I love Jupyter Notebook. You can use them to write your ideas, to test their feasibility, and finally to share them and their artifacts with the world. Even if in the majority of the time most people are passive in consuming content (just as what you are doing now when reading this blog post), you want to learn and utilize your learnings to act on the world around you. A better environment should allow you to execute what you read and see its effect on your environment and allows you to experiment with the details of these actions.
To understand what is wrong with the current web, let’s take the following example: if I tell you that notebooks are a great way to learn and develop a new skill, you want to see it in action and play around with such a notebook to learn the desired skill. At the same time, I, as the author of the notebook, want you to apply your curiosity and attention as quickly as possible, to increase the probability that you do it. In the “old days” of the Internet, the main way to be active was to click on links. If you wanted to follow an idea and learn more about a concept or a topic, the author of the article could include a link to another read-only page. The way you can make money in this way is when the click is monetized. In the “old Internet,” many monetizations mechanisms where developed, from sites that sell physical or virtual goods for hard money, to sites that are paying to get attention and use that attention to shift your views on commercial brands or political candidates. This method is working well as people love to read stories and use them to shape their worldviews. The passive reading of interesting and compelling narratives was served well with read-only HTML pages with links.

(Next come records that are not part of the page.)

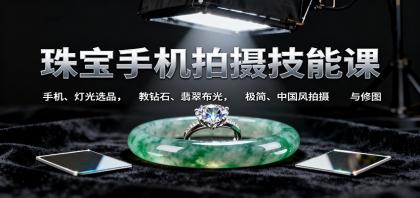 珠宝手机拍摄技能课:手机、 灯光选品,钻石、翡翠布光,极简中国风拍摄与修图-第20张图片 珠宝手机拍摄技能课:手机、 灯光选品,钻石、翡翠布光,极简中国风拍摄与修图-第20张图片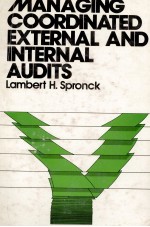 MANAGING COORDINATED EXTERNAL AND INTERNAL AUDITS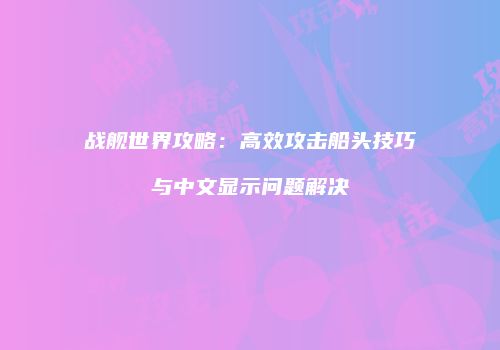 战舰世界攻略：高效攻击船头技巧与中文显示问题解决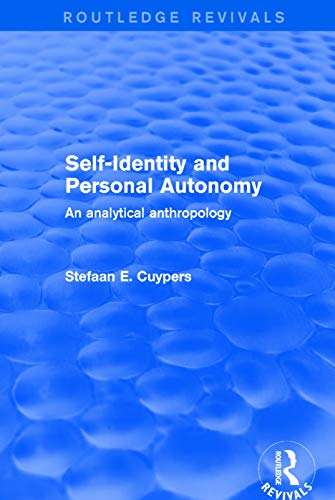 Stock image for Revival: Self-Identity and Personal Autonomy (2001): An Analytical Anthropology for sale by Blackwell's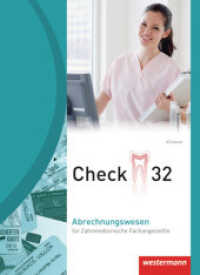 Abrechnungswesen für Zahnmedizinische Fachangestellte : Abrechnungswesen für Zahnmedizinische Fachangestellte: Schülerband. Lernfeldorientiert. Schülerband (Check 32 40) （4. Auflage. 2012. 341 S. m. farb. Abb., Fotos u. Tab. 265.00 mm）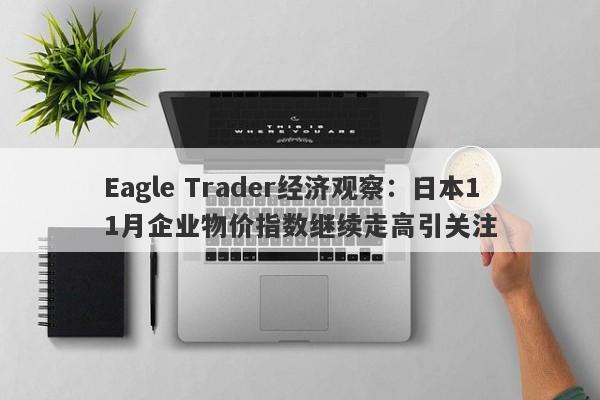 Eagle Trader经济观察：日本11月企业物价指数继续走高引关注-第1张图片-Eagle Trader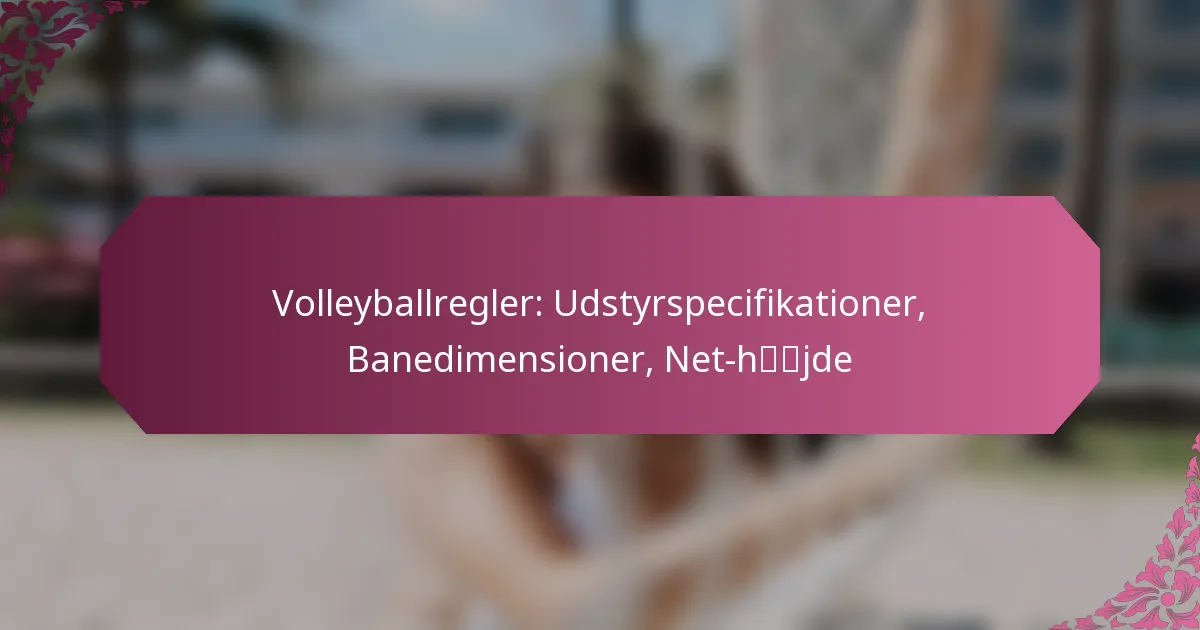 featured-image-volleyballregler-udstyrspecifikationer-banedimensioner-net-hjde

One direction of “improvement” on the read-only pages is to add images, endless feeds, or videos. Nevertheless, this is only deepening the passive addiction and not encouraging active participation on the receiving end.
Can we do better?
Yes, we can with Jupyter notebooks. Instead of having only a few active writers and many (clicking) passive readers, we now have teachers (authoring notebooks), students (interacting with the notebooks) and administrators (security and resources providers). In the next posts, we will discuss the administrative aspects of notebooks in a team, while here will explore more the students' aspects.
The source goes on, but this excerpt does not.